American River Parkway

American River Parkway

Below is a click-able map of the parkway. Just hover over different pictures on the map to find links to separate images captured at that location.  You can also find much more information about Sacramento County parks including the American River parkway by following this link to the Sacramento County park site.

American River Parkway map

Map courtesy of Sacramento County

Nimbus Fish Hatchery
Nimbus Fish Hatchery
The Nimbus fish hatchery is located at the most eastern end of the free flowing section of the American River from its terminus into San Francisco bay.  This is as far as the fish can swim from the ocean. Immediately upstream is Nimbus Dam the prevents the chinook salmon, steelhead, or shad from going any further in their (semi-) annual quest to spawn.

The fish hatchery here is a popular family outing location during the late fall salmon run,  watching them climb the fish ladder as they enter the processing area.  There are some exhibits inside a visitor center where you can learn more about the salmon and the efforts at this facility to try to preserve this species. The Chinook salmon population has diminished signficantly in the last few decades.  Part of the challenge has been to maintain sufficient water flows to support the chinook and other fish species on this river such as shad and steelhead trout, with agricultural and municipal water demands that have continued to increase as the population of the State has grown.

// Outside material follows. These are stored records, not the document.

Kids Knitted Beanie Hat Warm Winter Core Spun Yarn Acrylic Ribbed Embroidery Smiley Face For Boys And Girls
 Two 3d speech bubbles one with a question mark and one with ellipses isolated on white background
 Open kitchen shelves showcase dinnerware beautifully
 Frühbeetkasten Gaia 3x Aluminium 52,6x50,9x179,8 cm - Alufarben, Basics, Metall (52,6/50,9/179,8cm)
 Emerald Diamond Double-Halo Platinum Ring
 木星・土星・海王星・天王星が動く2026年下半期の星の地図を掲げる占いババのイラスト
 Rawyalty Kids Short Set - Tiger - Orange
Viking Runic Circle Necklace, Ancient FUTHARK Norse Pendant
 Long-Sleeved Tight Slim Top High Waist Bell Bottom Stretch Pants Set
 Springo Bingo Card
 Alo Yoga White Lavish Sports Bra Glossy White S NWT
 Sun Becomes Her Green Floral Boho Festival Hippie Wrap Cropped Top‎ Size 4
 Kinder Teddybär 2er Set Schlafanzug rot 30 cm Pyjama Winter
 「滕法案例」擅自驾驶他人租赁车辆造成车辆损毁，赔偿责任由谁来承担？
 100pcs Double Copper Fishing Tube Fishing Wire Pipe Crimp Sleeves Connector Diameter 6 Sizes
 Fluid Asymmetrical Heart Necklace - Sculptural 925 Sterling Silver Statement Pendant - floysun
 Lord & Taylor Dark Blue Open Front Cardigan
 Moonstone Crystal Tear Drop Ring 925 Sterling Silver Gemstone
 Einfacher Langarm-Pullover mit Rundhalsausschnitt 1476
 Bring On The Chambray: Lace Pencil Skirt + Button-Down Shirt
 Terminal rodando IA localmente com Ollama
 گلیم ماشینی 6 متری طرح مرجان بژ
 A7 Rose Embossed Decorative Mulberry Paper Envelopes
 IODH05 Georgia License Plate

The parking lot at the fish hatchery is also a popular location as a base for cycling or running from this end of the parkway.  People take advantage of the fact that the parking is free here given this is a federally run facility while the parkway region further west is managed under Sacramento County.  Sacramento County partially depends on these parking revenues to fund the upkeep and security in the rest of the American river parkway, so unfortunately this ends up hurting the parkway's cause. Recent budget cuts have threatened this upkeep and overall livelihood of the parkway, so those that enjoy its use and wish take full advantage of it in the future are encouraged to purchase an annual Sacramento County park pass. That will also give you unencumbered access to all the other areas of the parkway worthy of exploring as covered below. You purchase an annual park pass from Sacramento county here or at the local REI outdoor sports store for $50.
Sailor bar
Sailor Bar
Sailor bar is a popular area for launching fishing boats and kayaks on the American River Parkway from the north side in Fair Oaks off of Illinois avenue.  A former access point on the west side off Toyon way has since been closed due to parkway budgetary concerns.  But both entrances are used by locals that are within walking distance of these areas.  The terrain on land primarily consists of dredge tailings from the historical dredger based mnining that was performed here up to the 1960's. Because of this limited vegation, other than the boat launch area it is one of the lesser visited areas of the park.  But also during the fall chinook salmon run or winter steelhead run, it is popular with the fishermen wading from the shoreline.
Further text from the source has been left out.